PROBLEM STATEMENT —
Report only how many lines in the material contain "Christmas".

INPUT DATA —
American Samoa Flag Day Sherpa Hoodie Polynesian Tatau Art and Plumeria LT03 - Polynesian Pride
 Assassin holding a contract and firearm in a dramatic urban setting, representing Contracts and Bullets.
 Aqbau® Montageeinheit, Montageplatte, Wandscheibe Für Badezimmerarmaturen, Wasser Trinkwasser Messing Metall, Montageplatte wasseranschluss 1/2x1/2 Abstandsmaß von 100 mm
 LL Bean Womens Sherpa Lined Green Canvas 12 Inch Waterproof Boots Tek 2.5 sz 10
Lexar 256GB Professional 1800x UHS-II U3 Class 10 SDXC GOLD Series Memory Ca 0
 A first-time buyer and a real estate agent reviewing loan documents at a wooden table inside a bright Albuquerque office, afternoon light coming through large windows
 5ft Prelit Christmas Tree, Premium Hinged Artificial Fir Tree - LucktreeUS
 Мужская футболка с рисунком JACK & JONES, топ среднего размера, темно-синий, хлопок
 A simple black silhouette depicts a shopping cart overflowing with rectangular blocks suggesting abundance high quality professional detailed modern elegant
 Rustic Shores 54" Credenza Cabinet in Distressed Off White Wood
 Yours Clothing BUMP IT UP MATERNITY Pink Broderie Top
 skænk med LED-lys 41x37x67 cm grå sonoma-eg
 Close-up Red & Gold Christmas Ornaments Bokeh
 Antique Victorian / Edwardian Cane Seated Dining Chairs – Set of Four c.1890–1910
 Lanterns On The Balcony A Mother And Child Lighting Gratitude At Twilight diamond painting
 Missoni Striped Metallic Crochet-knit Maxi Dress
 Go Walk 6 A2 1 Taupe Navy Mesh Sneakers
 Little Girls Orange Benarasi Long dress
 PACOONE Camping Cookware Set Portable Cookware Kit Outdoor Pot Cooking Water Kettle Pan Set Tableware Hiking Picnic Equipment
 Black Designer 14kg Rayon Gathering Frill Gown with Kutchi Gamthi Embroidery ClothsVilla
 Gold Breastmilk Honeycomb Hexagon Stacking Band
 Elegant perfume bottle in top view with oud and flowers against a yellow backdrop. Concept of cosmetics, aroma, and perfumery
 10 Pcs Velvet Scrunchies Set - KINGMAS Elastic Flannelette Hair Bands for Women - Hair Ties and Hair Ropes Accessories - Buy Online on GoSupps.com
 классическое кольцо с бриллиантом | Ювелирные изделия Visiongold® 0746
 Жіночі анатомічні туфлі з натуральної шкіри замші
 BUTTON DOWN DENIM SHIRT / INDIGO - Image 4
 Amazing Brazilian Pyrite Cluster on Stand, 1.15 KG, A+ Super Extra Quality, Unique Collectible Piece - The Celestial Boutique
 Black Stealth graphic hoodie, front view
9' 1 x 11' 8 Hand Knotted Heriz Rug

FINISHED EXERCISE —
2